Das LSG. ist im Ergebnis auch zutreffend davon ausgegangen, daß die Behandlung des Ehemannes der Klägerin durch die polnischen Zivilbehörden nicht als "Verschleppung" im Sinne des § 5 Abs. 1 Buchst. d BVG angesehen werden kann. Eine Verschleppung im Sinne dieser Vorschrift erfordert begrifflich eine Ortsveränderung oder eine verhinderte Rückkehr (vgl. dazu § 234 a StGB, wenngleich dort die Verschleppung, damit sie strafbar ist, u.a. die Verbringung in ein fremdes Gebiet voraussetzt).

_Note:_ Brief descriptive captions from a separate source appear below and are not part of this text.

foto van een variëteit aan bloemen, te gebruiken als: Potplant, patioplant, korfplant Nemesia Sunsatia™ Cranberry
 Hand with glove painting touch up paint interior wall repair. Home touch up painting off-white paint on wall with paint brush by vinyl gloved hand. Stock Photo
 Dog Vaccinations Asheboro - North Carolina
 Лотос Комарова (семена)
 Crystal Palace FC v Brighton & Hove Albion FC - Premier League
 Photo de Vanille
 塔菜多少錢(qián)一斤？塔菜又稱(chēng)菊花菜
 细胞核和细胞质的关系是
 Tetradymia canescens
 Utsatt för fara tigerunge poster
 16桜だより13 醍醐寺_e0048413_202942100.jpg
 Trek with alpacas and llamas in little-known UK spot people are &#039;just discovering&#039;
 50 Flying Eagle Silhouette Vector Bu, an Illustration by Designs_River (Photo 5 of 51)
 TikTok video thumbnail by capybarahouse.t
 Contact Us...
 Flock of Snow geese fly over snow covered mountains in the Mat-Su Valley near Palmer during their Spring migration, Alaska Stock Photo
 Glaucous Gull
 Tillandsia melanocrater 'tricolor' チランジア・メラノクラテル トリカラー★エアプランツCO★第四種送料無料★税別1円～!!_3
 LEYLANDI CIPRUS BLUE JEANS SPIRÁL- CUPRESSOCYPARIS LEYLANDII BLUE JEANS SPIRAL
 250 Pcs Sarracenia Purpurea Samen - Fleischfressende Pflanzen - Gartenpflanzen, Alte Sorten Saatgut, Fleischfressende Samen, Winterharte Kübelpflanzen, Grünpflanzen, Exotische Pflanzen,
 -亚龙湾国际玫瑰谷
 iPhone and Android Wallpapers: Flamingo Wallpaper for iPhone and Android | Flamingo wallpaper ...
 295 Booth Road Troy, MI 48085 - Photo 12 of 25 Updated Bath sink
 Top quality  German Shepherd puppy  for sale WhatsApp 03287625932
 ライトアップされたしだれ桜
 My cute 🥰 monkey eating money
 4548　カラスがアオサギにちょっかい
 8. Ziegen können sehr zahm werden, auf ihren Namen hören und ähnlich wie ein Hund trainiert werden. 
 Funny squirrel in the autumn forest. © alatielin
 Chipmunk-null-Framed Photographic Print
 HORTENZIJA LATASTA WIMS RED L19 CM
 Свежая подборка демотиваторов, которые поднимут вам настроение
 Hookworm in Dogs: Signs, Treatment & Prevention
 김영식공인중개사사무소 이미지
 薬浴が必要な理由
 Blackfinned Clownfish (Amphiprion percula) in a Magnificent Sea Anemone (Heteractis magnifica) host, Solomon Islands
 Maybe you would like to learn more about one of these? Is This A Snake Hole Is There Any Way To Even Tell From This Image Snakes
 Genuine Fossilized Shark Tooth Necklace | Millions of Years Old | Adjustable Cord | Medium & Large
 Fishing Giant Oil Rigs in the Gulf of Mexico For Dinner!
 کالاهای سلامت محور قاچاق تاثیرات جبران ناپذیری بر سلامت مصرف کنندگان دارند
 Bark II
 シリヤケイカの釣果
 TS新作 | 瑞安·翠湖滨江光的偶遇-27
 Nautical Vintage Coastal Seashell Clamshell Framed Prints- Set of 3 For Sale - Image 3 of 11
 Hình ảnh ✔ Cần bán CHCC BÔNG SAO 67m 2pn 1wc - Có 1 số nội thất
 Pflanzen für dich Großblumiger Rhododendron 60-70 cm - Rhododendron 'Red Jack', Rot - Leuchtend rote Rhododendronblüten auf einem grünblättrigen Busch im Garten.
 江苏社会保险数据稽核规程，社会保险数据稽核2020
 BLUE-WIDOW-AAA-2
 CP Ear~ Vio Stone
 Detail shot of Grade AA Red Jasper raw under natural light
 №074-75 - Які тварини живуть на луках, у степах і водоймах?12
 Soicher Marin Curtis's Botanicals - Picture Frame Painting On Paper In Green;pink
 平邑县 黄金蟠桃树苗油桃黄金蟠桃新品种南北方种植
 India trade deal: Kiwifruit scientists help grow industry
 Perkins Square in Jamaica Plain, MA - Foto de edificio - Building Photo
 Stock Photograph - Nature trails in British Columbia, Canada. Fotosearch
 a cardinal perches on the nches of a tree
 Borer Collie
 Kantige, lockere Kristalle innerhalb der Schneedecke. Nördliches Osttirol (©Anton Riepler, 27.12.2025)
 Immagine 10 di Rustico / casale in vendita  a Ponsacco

Eine Änderung des Lebens- und Wirkungskreises allein genügt hiernach nicht, so daß die Enteignung des Ehemannes der Klägerin und die damit verbundenen Folgen, die seinen Tod mitbeeinflußt haben könnten, nicht eine Verschleppung im Sinne des § 5 Abs. 1 Buchst. d BVG ist. Auch wenn dem Ehemann der Klägerin etwa zur damaligen Zeit die Abwanderung aus seinem Heimatort nicht möglich gewesen sein sollte, so läge auch in diesem Umstand nicht eine Verschleppung im Sinne einer "verhinderten Rückkehr". Für eine Annahme, daß der Ehemann der Klägerin nur vorübergehend von einem anderen Ort in seinen Heimatort gekommen war, um diesen wieder zu verlassen, besteht nach dem festgestellten Sachverhalt kein Anlaß. Allein ein "Festhalten" kann dem Begriff "Verschleppung" im Sinne des § 5 Abs. 1 Buchst. d BVG nicht untergeordnet werden. So erklärt es sich, daß in früheren Gesetzen, die für Schädigungen "durch Festhaltung" Versorgung gewährten, die "Festhaltung" besonders neben der "Verschleppung" als ein zur Entschädigung berechtigender Tatbestand angeführt wurde (vgl. dazu § 2 Nr. 2 des Personenschädengesetzes vom 15.7.1922 - RGBl I S. 620 - und § 1 Nr. 2 des Besatzungsschädengesetzes vom 17.7.1922 - RGBl. I S. 624 -). Das LSG. ist daher ohne Rechtsirrtum davon ausgegangen, daß die Klägerin ihren erhobenen Versorgungsanspruch auch nicht mit Erfolg auf § 5 Abs. 1 Buchst. d BVG in Verbindung mit §§ 1, 38 BVG stützen kann.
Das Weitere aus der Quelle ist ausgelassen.